Mais les grands batteurs chanteurs ne restent rarement pas derrière leurs fûts pour toujours. En 2021, avec le soutien de Dan Auerbach (The Black Keys), qui signe la réalisation, Frazer publie Introducing…, une petite perle rétro des années 60 à la soul politique des années 70, à la Marvin Gaye ou Curtis Mayfield. Cet album marque le début de sa carrière solo, mettant en lumière son talent exceptionnel et sa capacité à capturer l’essence de la soul tout en y ajoutant une touche contemporaine.

 

@aaron_frazer

 

Né en 1991, Frazer a été profondément influencé par le hip-hop dès son plus jeune âge, avec l’achat de son premier CD, Big Willie Style de Will Smith. Se rêvant beatmaker, il découvre que le hip-hop est une source inépuisable de samples de musique soul historique, ce qui l’a conduit à tomber amoureux de ces 45 tours des années 60. Sous le pseudo The Flying Stars Of Brooklyn NY, il a publié un deux titres, My God Has A Telephone et Live On, affirmant ainsi sa volonté de faire de la soul influencée par le hip-hop.

C’est donc tout naturellement qu’il invite à la co-production des nouveaux titres Alex Goose (Freddie Gibbs/Madlib) qui cite pour influences Serge Gainsbourg, Ennio Morricone, Bob Dylan, Dr. Dre et Holland-Dozier-Holland. « En 2018, j’ai envoyé un message du genre : “Yo, je sais que c’était il y a longtemps, mais j’ai adoré cette mixtape”. Il venait de sortir des instrumentaux avec les a cappella de Jay-Z que ce dernier n’avait pas utilisés pour Blueprint 3. Nous sommes devenus amis à partir de là », dit Frazer.

À l’origine de ce nouvel album, une rupture amoureuse et un déménagement à Los Angeles, apportant leur lot de solitude et de vide. De nature réservée, Aaron souhaitait offrir un portrait intime de lui-même et partager ses émotions. Dès l’ouverture de Into The Blue, nous sommes plongés au cœur de la nostalgie avec une ballade soul poignante : « Lonely nights like this, still I feel your kiss » (« nuits solitaires comme celle-ci, je sens toujours ton baiser »).
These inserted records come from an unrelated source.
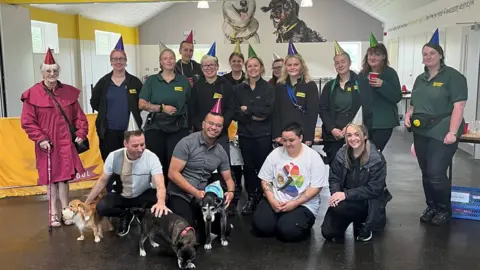 Dogs Trust Ty with his owners and Dogs Trust volunteers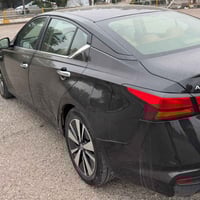 نيسان التيما  مكلف بالنشر  موديل2022 وارد امريكي  ضرر بابين وجاملغ خلف...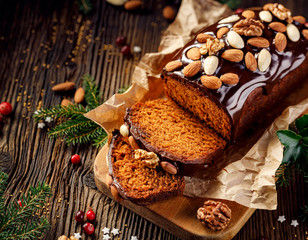 Poster - Gingerbread cake, Christmas gingerbread cake covered with chocolate and decorated with nuts and almonds on the holiday table, copy space, top view. Christmas, traditional dessert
Le morceau éponyme qui suit évoque les dernières productions de Michael Kiwanuka (Danger Mouse et Inflo aux manettes NDLA) avec ses cordes à la Morricone, telle une odyssée vers l’ouest.

 

 

Le changement de domicile se reflète dans Fly Away, inspiré par la chanson éponyme de 1992 du boys band texan R&B Hi-Five, réimaginée par Goose et Frazer avec un rythme contemporain et une voix rappelant celle de D’Angelo. « Lorsque Mary J. Blige a explosé, j’avais l’impression qu’elle prenait des échantillons de soul des années 70 et chantait cette approche R&B des années 90 par-dessus », a déclaré Frazer. « Ici, j’utilise les mêmes ingrédients, mais en inversant le rapport. Bizarrement, j’avais écrit la voix et la mélodie avec Lydia Kitto de Jungle, avec qui j’ai écrit plusieurs chansons sur cet album. Goose avait créé un instrumental, et il m’a dit : “Yo, qu’est-ce que tu penses de ça ?” Il s’est avéré que les accords étaient les mêmes que ceux de la chanson que nous avions écrite, alors nous les avons combinés. »

Des titres comme le karmique Payback avec sa ligne de guitare et Perfect Strangers avec ses harmonies vocales doo-wop démontrent la capacité de Frazer à fusionner différents genres pour créer quelque chose de nouveau et excitant. « Pour Payback, j’ai commencé par le tambourin et j’ai développé la batterie à partir de là. J’ai pris une basse. Je joue de la basse sur cet album, ce dont je suis très fier car je pense que c’est le seul crédit de basse que j’ai obtenu jusqu’à présent. La ligne de basse est venue ensuite et j’ai commencé à penser à une scène de poursuite, mais je ne voulais pas qu’elle soit si littérale. J’ai l’impression que le karma est quelque chose qui se retourne contre vous, et c’est quelque chose auquel tout le monde peut s’identifier d’une manière ou d’une autre », explique Frazer.

Le popissime Dime est né d’un duo américano-chilien avec la batteuse-chanteuse Cancamusa. « Dime signifie “dis-moi” en espagnol », explique Frazer. Cette chanson a commencé avec la boîte à rythmes que beaucoup de gens associent à Hotline Bling de Drake, et qui est en fait celle de Timmy Thomas. Nous avons commencé par cette boîte à rythmes, et elle m’a mis dans un état d’esprit tropical. Je savais que je voulais avoir un artiste hispanophone sur cet album. J’avais récemment découvert Cancamusa, une collègue batteuse-chanteuse. Son rôle dans cette chanson est crucial pour l’histoire, et si spécial. » Frazer ajoute : « Je me suis retrouvé à revenir sur les bons moments les choses qui allaient bien, pas seulement les choses qui allaient mal. C’est très personnel, mais je me suis souvenu des premiers jours où je me sentais prêt à dire “je t’aime”. J’avais peur que ce soit trop tôt, et j’ai essayé pendant des jours de me retenir, mais il fallait que je le dise. »

 

 

L’album se conclut avec le disco scintillant Easy To Love et le son brut de The Fool, offrant une fin à la fois énergique et introspective. Into The Blue est un voyage émotionnel qui nous invite à explorer les profondeurs de son âme et à embrasser la beauté de la musique et du cinéma. C’est un album cinématographique, un film sonore que Frazer nous encourage à écouter jusqu’à la fin pour en saisir toute la profondeur et la magie.

 

Into The Blue est disponible via Dead Oceans.

En concert à Paris, le 19 octobre 2024, à La Maroquinerie.